- THE TASK: Verbatim copy without images: return all of the data as it stands.

- THE DATA:
--- START ---

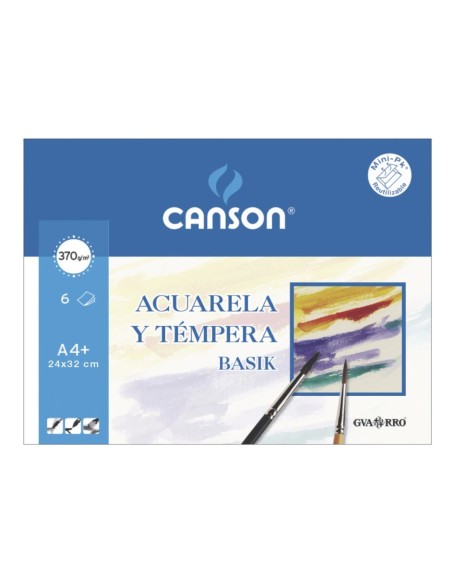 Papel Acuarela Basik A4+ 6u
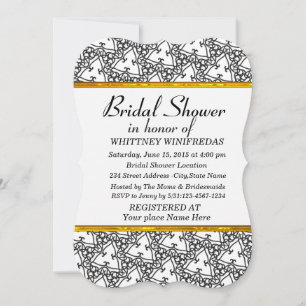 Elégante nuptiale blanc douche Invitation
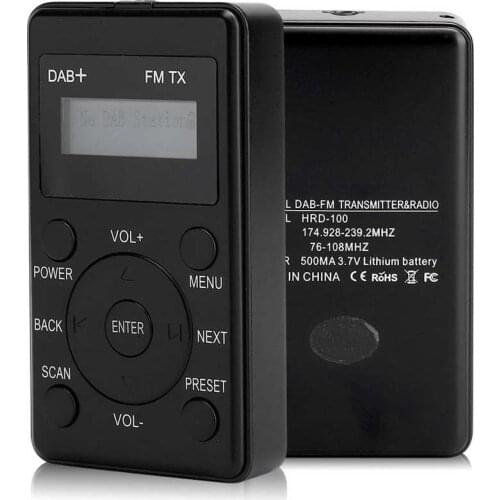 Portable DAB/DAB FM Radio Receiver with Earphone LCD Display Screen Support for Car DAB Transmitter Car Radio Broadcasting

--- END ---

- FINISHED TASK:
 Papel Acuarela Basik A4+ 6u
 Elégante nuptiale blanc douche Invitation
 Portable DAB/DAB FM Radio Receiver with Earphone LCD Display Screen Support for Car DAB Transmitter Car Radio Broadcasting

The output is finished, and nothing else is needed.